This paper explains the design, implementation, and testing of an ultra short baseline (USBL) acoustic positioning system for the Amador Valley High School (AVHS) Robotics Clubs Barracuda Mark-X AUV. The system will be used to locate an underwater transducer beacon representing the final waypoint in an obstacle course designed for the AUVSI/ONR RoboSub international collegiate competition.


Fig. 2: USBL Acoustic Subsystem Flow Diagram

Fig. 2: USBL Acoustic Subsystem Flow Diagram

The USBL acoustic subsystem, shown in Fig. 2, obtains input from the external environment via an array of four RESON TC4013 Miniature Reference Omni-directional hydrophones. The piezoelectric sensor element contained inside the rubber nibble produces an electrical signal on the order of approximately 40mv, which propogates up the coaxial cable. The electrical signal is amplified to satisfy the requirements of the dspblok ad96k42 audio I/O platform.


Fig. 3: 50x Amplifier Circuit Schematic

Fig. 3: 50x Amplifier Circuit Schematic

The signal produced by the hydrophones is approximately 40mV; however, the Wolfson WM8731 ADC on the dspblok ad96k42 platform requires a minimum input signal voltage of 1.8 V peak. In order to satisfy the requirement, I designed a simple 50x non-inverting amplifier, as shown in Fig. 3, using a LM711JN operational amplifier.


The amplified signal is then input into the digital signal processor where the analog to digital converter converts the analog signal into a corresponding digital signal and stores the resulting signal representation before triggering a signal interrupt. The system catches the interrupt, pushes the stored input signal representation to the digital to analog converter and the resulting analog signal is output from the system.


Fig. 4: Test signal amplification circuit on signals produced by function generator

Fig. 4: Test signal amplification circuit on signals produced by function generator

The first step in testing the amplification circuit was to verify the gain factor by comparing the input signal produced by a function generator outputting a 40mV sinusoid signal against the signal output by the amplification circuit. As is shown in Fig. 4, the channel-2 signal is 40mV and the output signal labeled channel-1 is 2.4V which is approximately a 40x gain factor as was expected.

Fig. 5: Test signal amplification circuit using hydrophones

Fig. 5: Test signal amplification circuit using hydrophones

The next step was testing the amplification circuit using an input signal produced by the TC4013 hydrophone. Fig. 5 shows the change in amplification of the output signal from the input signal. The input signal while not consistent is on average greater than the 40mV expected input and the amplified signal remains above the minimum required voltage for the dspblok ad96k44 audio i/o board.

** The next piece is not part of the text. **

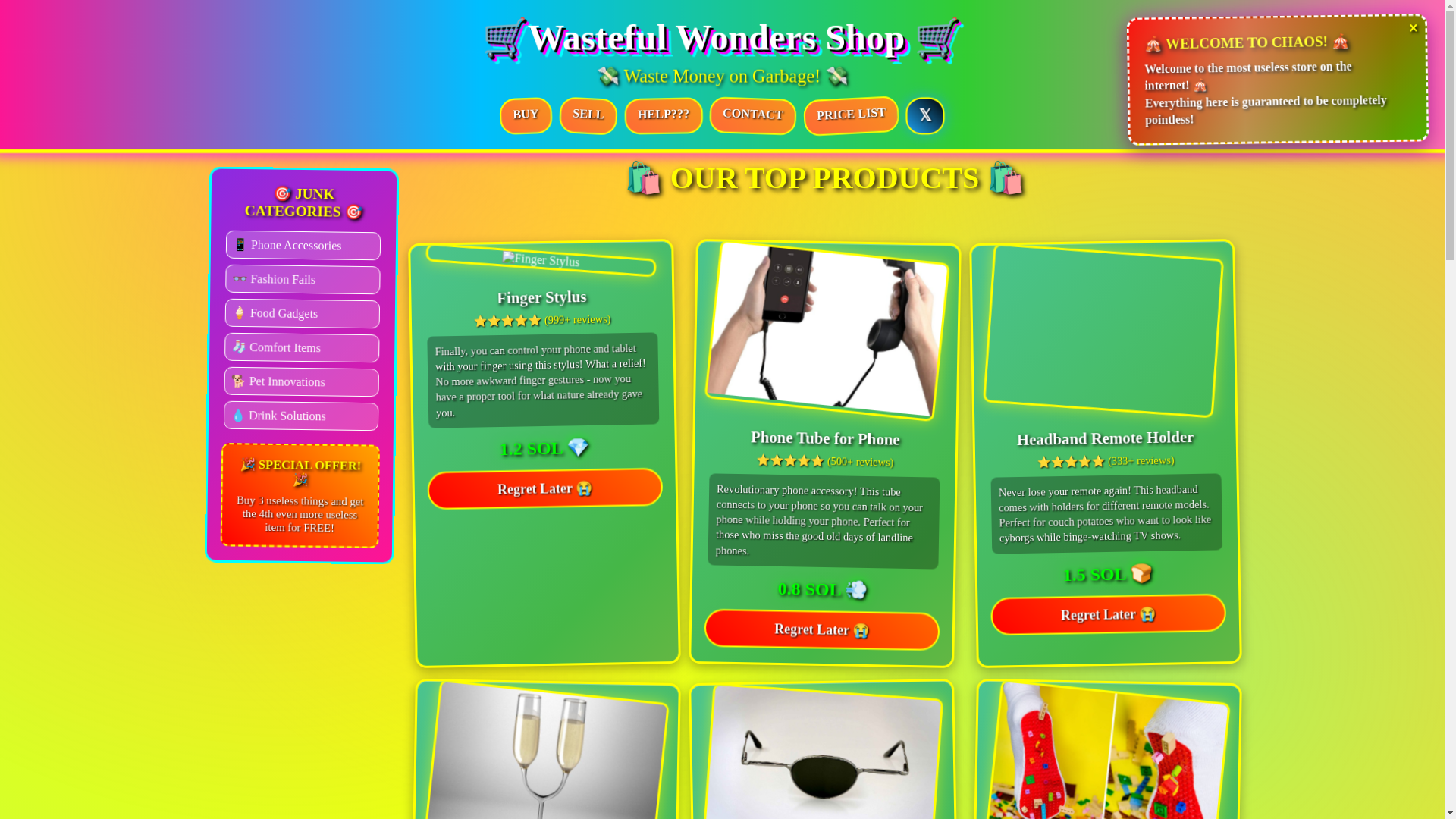 website screenshot of https://wastefulwondersshop.org/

I was successful in demonstrating that the raw signal could be captured, filtered, and information about the signal could be delivered over the UART. However, I encountered some technical problems integrating the code written in assembly with other code written in C. These integration challenges prevented me from completing the end to end integration and testing required to achieve all the goals outline at the beginning of the project as Phase I.